As I explained in the guide, the upgrade to 14 (from 12 in the D5000 and 10 in the D3000) is a marketing jump at best—if you want megapixel, the Canon 550D has 18—yes, it costs a lot more. Since the D3100 has the next-generation Sony CMOS sensor in it, I fully expect this to be the new reference standard in DxOMark for an APS-C camera. So that’s a nice leapfrog from the old D200-class sensor in the D3000. Translation: overall quality of this sensor should be best-in-class.
Video capability in dSLRs
The bigger news is in the video realm. Nikon was the first to introduce the capability in dSLRs with the D90 two years ago. Since that time, Canon has improved on that with external video, 1080p capability (most models), variable frame rates, and a slightly faster rolling shutter. At the time I wrote my article, I pointed out that if you had to choose between C or N and wanted video, Canon was the obvious choice. Now, with the D3100, Nikon has finally caught up and passed Canon with auto-focus enabled in videomode. I predicted that would happen.
There seems some shock among reviewers that Nikon is introducing such amazing video capability in the lowest end camera ($700 for the complete kit). That may seem strange to them, but is actually par for the course. Video capability is a function of the imaging processing chip driving the sensor, so it gets iterated when the imaging chip gets updated. This explains why Nikon’s video capability was poorer than Canon’s—since the latter came out latter they were much better than the former. Also, unlike Canon, Nikon does not make a habit of firmware crippling their models so when the D3100 was spec’d with the newer CMOS chip, then it then becomes the first among many to offer the improved video capability.
Note that the Nikon D3100 may be advertised as the first camera to introduce video AF in a dSLR body, but not the first to introduce Video AF in a dSLR-class body! For quite a while now, Panasonic and Olympus have had AF during video capture. The bodies are EVIL (Electronic-Viewfinder Inchangeable-Lens), and thus not technically dSLRs. This is why I recommended that if video was really important to you, you should buy a Panasonic.
We’ll have to wait for the reviews to see if Nikon has minimized the rolling shutter in the video, and if the AF noise leaks too much into the audio track.
The D95 (or D7000)
Earlier this spring, another friend was buying a Nikon and asked for my advice. I offered her three choices based on the fact that she was shooting a borrowed Nikon D70: a Nikon D90, the new Nikon D300s, or wait until the fall for the sequel to the Nikon D90.
I even lent her my Nikon D200 for over a month before she had to make the decision saying, “If you like the D200 more than the D70, buy the D300s.”
In the end, she bought the D90. She still hasn’t returned my D200 and I heard is shooting it a lot because it “feels more responsive” than her D90.

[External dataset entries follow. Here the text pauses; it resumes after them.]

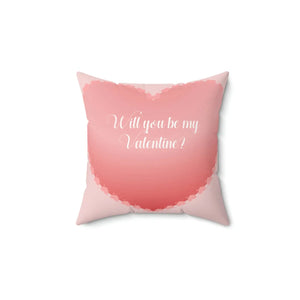 Heart Print Polyester Square Pillow - Valentine Day - Dipaliz - Throw Pillows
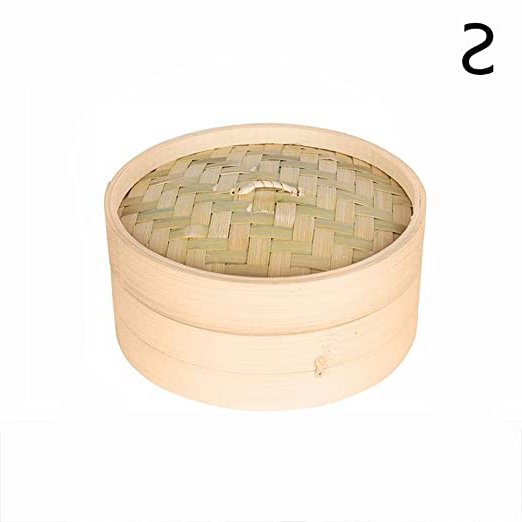 goforwealth Vaporera De Bambú, Cesta De Vapor De Bambú Natural Hecha A Mano, Cesta De Cocina Ideal para Cocinar Verduras De Dim Sum Pescado Y Carne Bocadillos Y Platos, Utensilios De Cocina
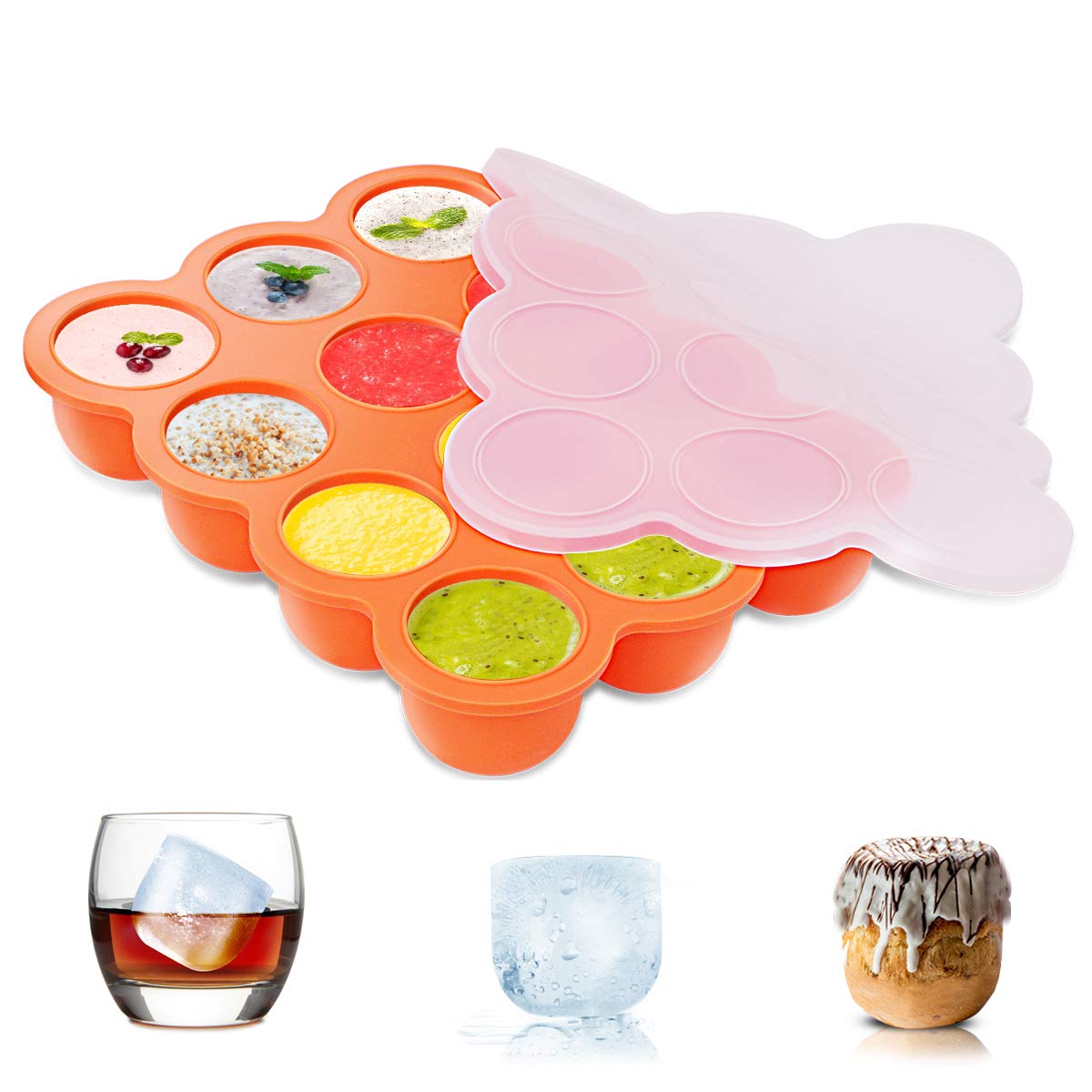 ZOUNICH Silikon Babynahrung Aufbewahrung Behälter, Silikon Babybrei Einfrieren mit Silikondeckel Behälter Gefrierschrank Tray, Wiederverwendbare - Gemüse, Obst Purees, Saucen und Eiswürfel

Not everyone listens to me.
While it wouldn’t be for her, obviously the sequel to the D90 (the D95? the D7000?) will have the new video imaging chip. It should also have either a 14 megapixel (or higher) sensor in it. In general, once you start with an entry level dSLR what you will get for the extra bucks are a better viewfinder, faster frame rate, larger buffer, more solid construction, and legacy features here or there. What you lose is ease of use and lightness.